I also love large parts of the book, but it is the only book I have ever read that I would have liked better if it hadn't had dragons.

Date: 2024-03-18 08:47 pm (UTC)
leaflemming: (Default)
From: [personal profile] leaflemming
Tehanu is about unsolvable problems and how to live in an unjust society; it's specifically about NOT being able to solve problems with magic.

I think you're loading the dice with this statement -- if this is what the book's about, then yes, the ending betrays the premise. But you could equally say that the book is about living in a world with massively unequal power distribution, and the experience of having had power and living without it, as both Tenar and Ged are doing. It doesn't follow from that that the imbalance will always swing the same way, any more than it follows from the existence of child abuse that an abuse survivor can never acquire any form of social power. I'm avoiding spoilers for the remaining two books because Landingtree is still rereading them, but what was done to Therru isn't negated by what she's able to do herself.

I have my own frustrations with the later Earthsea books -- to be discussed in later threads maybe! -- and I do see that there are tensions in Tehanu. It's my favourite of the series though... I'd be very sad not to have the stories in Tales, but if it had in fact been the last book of Earthsea I'd have found it a satisfying ending.

Date: 2024-03-19 03:06 am (UTC)
leaflemming: (Default)
From: [personal profile] leaflemming
we are presented with an ending that acts in a way the whole rest of the book hasn't

I don't think that's so. Ogion's dying vision is of Ged healing the wound in the world. Every positive use of power in the series to date is brought into the frame by that vision -- I mean it would be there anyway. It's at best complicated and at worst problematic to think of the abuse Therru suffers as only an effect of the world being broken at the time, though that's how the villagers think of it, if I'm remembering right -- "this wouldn't have happened in the better days". The extent to which Roke has been presiding over a form of fear-driven patriarchal feudalism is more explicitly dealt with in "The Finder" and "Dragonfly". But in some sense, this is a world where magic can be used to uphold a benign natural balance, and that idea is what Ged spent his power for. It's not that the world is inherently just. It's that it has an inherent capacity for good order, which men have been variously perverting for a long time now.

All of which is an attempt at saying, I think "magic is only bad in this book until suddenly it's not" is an over-simplification.

Date: 2024-03-18 09:15 pm (UTC)
oracne: turtle (Default)
From: [personal profile] oracne
I just realized I haven't re-read this book since the century turned.

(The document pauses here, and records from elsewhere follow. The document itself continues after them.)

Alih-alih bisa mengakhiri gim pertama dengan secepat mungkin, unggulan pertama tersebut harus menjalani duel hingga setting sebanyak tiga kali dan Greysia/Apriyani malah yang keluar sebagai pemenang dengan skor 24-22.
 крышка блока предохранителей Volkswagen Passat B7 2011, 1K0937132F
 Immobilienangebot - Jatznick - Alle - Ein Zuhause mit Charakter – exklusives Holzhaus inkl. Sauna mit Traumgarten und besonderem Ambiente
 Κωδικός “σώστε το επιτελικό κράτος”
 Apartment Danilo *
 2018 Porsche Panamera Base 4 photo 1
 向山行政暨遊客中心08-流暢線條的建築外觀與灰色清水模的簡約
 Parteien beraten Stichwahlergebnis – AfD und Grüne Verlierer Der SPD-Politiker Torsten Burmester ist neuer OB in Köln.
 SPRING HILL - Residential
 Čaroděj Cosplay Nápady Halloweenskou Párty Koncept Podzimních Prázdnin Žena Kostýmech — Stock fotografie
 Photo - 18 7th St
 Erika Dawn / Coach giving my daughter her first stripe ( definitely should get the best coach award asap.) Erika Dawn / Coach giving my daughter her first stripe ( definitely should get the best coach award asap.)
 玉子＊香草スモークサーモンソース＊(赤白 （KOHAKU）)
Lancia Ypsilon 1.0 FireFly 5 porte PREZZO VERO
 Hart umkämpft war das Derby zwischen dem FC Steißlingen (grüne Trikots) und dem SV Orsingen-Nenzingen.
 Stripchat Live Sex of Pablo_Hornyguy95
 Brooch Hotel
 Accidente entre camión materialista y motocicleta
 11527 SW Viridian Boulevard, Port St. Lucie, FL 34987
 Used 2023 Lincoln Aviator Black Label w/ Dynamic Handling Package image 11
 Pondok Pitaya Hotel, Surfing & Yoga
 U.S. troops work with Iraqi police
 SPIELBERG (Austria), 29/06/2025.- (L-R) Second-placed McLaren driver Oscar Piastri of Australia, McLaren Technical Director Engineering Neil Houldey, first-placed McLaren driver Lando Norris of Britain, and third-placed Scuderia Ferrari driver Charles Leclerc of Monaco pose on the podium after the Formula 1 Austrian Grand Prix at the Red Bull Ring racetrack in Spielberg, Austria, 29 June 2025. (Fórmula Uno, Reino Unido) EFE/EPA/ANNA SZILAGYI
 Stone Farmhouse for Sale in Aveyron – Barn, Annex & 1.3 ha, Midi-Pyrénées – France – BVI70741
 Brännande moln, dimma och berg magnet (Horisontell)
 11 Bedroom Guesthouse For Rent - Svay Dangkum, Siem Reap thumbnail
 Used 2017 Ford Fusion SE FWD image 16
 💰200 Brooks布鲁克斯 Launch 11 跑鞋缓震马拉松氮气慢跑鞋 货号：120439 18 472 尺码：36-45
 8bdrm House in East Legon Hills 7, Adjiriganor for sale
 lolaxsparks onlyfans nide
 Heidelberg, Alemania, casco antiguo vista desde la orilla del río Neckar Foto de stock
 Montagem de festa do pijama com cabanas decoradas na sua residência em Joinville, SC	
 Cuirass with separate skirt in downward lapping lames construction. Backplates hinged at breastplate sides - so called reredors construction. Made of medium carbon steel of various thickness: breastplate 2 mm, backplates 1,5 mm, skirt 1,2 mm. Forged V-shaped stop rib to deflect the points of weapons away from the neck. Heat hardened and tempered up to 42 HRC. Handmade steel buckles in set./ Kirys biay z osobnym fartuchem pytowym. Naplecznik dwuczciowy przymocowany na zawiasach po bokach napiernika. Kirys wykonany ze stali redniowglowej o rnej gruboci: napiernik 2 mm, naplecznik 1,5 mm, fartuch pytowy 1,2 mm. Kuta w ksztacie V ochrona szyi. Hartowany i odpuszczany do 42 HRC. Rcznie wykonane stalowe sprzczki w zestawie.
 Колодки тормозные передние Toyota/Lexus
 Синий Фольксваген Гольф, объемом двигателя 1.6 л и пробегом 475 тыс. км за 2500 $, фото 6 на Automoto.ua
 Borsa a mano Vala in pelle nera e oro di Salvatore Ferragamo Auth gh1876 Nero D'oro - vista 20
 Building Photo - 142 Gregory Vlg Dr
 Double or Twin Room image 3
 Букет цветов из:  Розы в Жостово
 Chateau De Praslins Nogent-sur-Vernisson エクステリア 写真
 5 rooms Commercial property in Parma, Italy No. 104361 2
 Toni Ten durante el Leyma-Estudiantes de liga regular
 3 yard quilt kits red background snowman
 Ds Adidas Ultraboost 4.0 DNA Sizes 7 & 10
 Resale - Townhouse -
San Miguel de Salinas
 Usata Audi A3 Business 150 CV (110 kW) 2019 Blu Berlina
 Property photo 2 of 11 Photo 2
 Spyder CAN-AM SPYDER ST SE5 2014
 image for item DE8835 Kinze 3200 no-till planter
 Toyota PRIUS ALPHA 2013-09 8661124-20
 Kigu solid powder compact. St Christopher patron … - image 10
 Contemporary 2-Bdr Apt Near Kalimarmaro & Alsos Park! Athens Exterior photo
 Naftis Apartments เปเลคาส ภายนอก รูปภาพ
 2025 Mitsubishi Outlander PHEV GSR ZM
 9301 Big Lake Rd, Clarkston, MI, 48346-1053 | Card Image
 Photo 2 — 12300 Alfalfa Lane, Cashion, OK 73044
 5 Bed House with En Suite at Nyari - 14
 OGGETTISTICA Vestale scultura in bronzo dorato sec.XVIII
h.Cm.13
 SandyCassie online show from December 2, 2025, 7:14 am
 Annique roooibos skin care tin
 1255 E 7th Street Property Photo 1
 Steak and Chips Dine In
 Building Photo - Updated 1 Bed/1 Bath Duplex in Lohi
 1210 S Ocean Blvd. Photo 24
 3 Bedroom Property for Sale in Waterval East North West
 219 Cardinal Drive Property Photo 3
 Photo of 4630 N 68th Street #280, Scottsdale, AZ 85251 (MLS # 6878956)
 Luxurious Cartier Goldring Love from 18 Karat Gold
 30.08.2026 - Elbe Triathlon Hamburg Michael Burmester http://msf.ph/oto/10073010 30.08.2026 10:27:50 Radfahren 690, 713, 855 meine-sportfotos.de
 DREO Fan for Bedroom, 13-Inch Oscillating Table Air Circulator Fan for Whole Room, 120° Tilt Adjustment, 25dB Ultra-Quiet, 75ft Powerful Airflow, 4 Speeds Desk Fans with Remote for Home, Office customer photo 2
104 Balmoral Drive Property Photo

Whoa.

Date: 2024-03-20 02:30 pm (UTC)
oracne: turtle (Default)
From: [personal profile] oracne
I probably need to read a whole set of books all over again, because I remember so little of them.

Date: 2024-03-18 09:54 pm (UTC)
rushthatspeaks: (Default)
From: [personal profile] rushthatspeaks
But Tehanu is the dragon. The same way the Woman of Kemay is the dragon. That paradox is (paradoxically) the resolution of the plot. The evil men would not die, and Tenar and Ged and Tehanu could not live on the way they do, if Tehanu were not the dragon, and all of them know it. Kalessin would not offer to take Tehanu otherwise, and she will eventually go, but not yet, because that's outside the bounds of this story and maybe outside the bounds of story at all...

Date: 2024-03-23 05:02 pm (UTC)
cahn: (Default)
From: [personal profile] cahn
What [personal profile] rushthatspeaks says is the book I remember too. Your not being sure that it's the book you read is interesting; I should read it again and see what I think.

(I don't think it's a satisfying resolution of the plot, in a book that -- as [personal profile] rachelmanija says -- is also trying to do something that is not about that. But that's a different question.)